In cockpit we have a storage scaling integration test. It creates 200 SCSI devices/drives with modprobe scsi_debug num_tgts=200, and then checks that they all propagate correctly through the kernel → udev → udisks → dbus → cockpit chain.

This test now fails very often on Arch Linux: It's often showing not the expected 200 SCSI drives (plus the virto root disk, and the cloud-init iso, thus 202 in total), but fewer, e.g. 188 or 193.

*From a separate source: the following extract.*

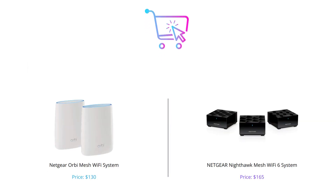Thanks for watching our comparison video of the Netgear Orbi Mesh Wi-Fi system and the Nighthawk Mesh Wi-Fi 6 system. Hopefully this will help you choose the right Wi-Fi system for your home's needs. Please like and subscribe to our channel for more helpful tech reviews.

This seems to be an udisks bug. In the "good" case, udisks should pick up all 200 devices and drives:

# udisksctl dump | grep devices/sd|wc -l
200
# udisksctl dump | grep ^/org.*drives/Linux_scsi_debug_|wc -l
200

But when the test fails, it has fewer drives:

# udisksctl dump | grep devices/sd|wc -l
200
# udisksctl dump | grep ^/org.*drives/Linux_scsi_debug_|wc -l
179

The udisksctl dump diff between the good and the broken state shows that the device isn't properly connected to the drive, and the corresponding drive object is missing:

--- /tmp/good	2023-06-29 12:58:11.013662135 +0200
+++ /tmp/broken	2023-06-29 12:58:05.021631876 +0200
@@ -4707,7 +4707,7 @@
     CryptoBackingDevice:        '/'
     Device:                     /dev/sdfu
     DeviceNumber:               33536
-    Drive:                      '/org/freedesktop/UDisks2/drives/Linux_scsi_debug_18500'
+    Drive:                      '/'
     HintAuto:                   false
     HintIconName:
     HintIgnore:                 false

However, it is good in udev. The udevadm info --export-db diff between the
good and broken situation looks identical aside from time stamps and minor reordering:

@@ -11034,8 +11034,8 @@
 D: b 131:0
 N: sdfu
 L: 0
-S: disk/by-diskseq/188
 S: disk/by-id/scsi-3333333300002d2a8
+S: disk/by-diskseq/188
 S: disk/by-id/wwn-0x333333300002d2a8
 Q: 188
 E: DEVPATH=/devices/pseudo_0/adapter0/host3/target3:0:177/3:0:177:0/block/sdfu
@@ -11061,7 +11061,7 @@
 E: ID_TARGET_PORT=400
 E: ID_SCSI_SERIAL=18500
 E: ID_BUS=scsi
-E: DEVLINKS=/dev/disk/by-diskseq/188 /dev/disk/by-id/scsi-3333333300002d2a8 /dev/disk/by-id/wwn-0x333333300002d2a8
+E: DEVLINKS=/dev/disk/by-id/scsi-3333333300002d2a8 /dev/disk/by-diskseq/188 /dev/disk/by-id/wwn-0x333333300002d2a8
 E: TAGS=:systemd:
 E: CURRENT_TAGS=:systemd:

So far we only see this on Arch Linux, not (yet?) on Fedora/Debian/RHEL.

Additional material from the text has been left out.